El profesor del King's College de Londres, Harsh V. Pant, asegura que el ascenso del BJP condiciona incluso las posiciones del Congreso, partido fundado por Gandhi y que mantuvo las riendas del país durante decenios.

Así, y a pesar de que preconiza la laicidad, el Congreso «se ha puesto al servicio de los elementos extremistas de las dos grandes religiones con fines electorales», denuncia.

Tras la destrucción de la mezquita de Ayodhya, el BJP ha explotado la fiebre hinduísta, que ya está «en el corazón de la política india», asegura Pant.

«Todo el mundo hace suyo su discurso y parece que nadie más tiene ideas», añade, para pronosticar que los panhindúes «han venido para quedarse durante las próximas dos o tres décadas».

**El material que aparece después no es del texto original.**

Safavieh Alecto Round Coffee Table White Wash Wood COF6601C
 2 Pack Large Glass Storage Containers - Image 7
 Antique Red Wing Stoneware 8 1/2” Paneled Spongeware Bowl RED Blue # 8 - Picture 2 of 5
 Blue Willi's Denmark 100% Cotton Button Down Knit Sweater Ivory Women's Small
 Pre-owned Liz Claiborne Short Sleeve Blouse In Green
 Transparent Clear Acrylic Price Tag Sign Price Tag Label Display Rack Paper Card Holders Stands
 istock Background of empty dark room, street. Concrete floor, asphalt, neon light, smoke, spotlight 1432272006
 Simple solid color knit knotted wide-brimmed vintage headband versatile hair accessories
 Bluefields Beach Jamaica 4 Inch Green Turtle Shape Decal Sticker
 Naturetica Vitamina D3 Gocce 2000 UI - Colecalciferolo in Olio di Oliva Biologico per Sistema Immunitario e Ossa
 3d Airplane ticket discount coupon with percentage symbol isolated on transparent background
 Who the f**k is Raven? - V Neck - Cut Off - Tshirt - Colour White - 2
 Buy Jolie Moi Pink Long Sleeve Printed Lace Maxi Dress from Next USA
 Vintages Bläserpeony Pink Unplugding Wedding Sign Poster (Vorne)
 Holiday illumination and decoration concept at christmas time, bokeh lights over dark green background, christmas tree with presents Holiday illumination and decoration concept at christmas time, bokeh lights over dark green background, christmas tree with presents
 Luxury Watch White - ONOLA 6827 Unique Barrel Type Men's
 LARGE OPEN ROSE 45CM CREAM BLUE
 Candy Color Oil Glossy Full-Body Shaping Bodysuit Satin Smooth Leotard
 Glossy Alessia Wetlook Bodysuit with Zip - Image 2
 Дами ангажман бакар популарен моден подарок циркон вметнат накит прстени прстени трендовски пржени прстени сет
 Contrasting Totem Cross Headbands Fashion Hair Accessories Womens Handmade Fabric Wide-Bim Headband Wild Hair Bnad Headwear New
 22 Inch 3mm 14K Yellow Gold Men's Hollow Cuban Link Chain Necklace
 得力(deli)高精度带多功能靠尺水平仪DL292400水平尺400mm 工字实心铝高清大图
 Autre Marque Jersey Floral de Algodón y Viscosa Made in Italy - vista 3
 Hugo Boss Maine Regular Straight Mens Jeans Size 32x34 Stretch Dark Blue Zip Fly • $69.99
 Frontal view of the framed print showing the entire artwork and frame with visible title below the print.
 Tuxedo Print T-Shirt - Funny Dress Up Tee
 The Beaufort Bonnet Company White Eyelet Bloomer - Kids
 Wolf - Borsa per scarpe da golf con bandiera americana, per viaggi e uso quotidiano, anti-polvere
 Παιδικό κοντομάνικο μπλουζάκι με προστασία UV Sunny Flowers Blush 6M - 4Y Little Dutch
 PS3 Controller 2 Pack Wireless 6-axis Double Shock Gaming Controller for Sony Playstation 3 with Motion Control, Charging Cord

Eso suena a pan bendito para los supremacistas, liderados por la organización Vishwa Hindu Parishad, una suerte de falange del BJP. «Somos una nación hindú porque la identidad de India es hindú», resume su líder, Surendra Jain, para quien la laicidad es «una maldición y una amenaza para la existencia de India».

«Eso no significa que los otros (las comunidades minoritarias) deban marcharse -concede-, pueden vivir en paz, pero el carácter y la ética de India serán siempre hindúes», insiste.

Modi se cuida muy mucho de distanciarse de esa retórica polarizante, que no dudó en utilizar cuando dirigía el estado de Gujarat, pero sus detractores le acusan de dejar a las personalidades de su partido lanzar discursos incendiarios.

Y sus actos, insisten, satisfacen ampliamente a los partidarios del Hindutva.

Lo que preocupa a musulmanes como Nasir Jamal Khan, de 52 años, guardián en una mezquita de Benarés: «Hay un sentimiento de creciente fractura a pesar de que nuestros antepasados nacieron aquí», asegura. Y confía en que llegue un día en el que los líderes de India dejen de invocar la religión. «Para mí, el primer ministro es un padre de familia y no le corresponde tratar a sus hijos de maneras diferentes», subraya Khan.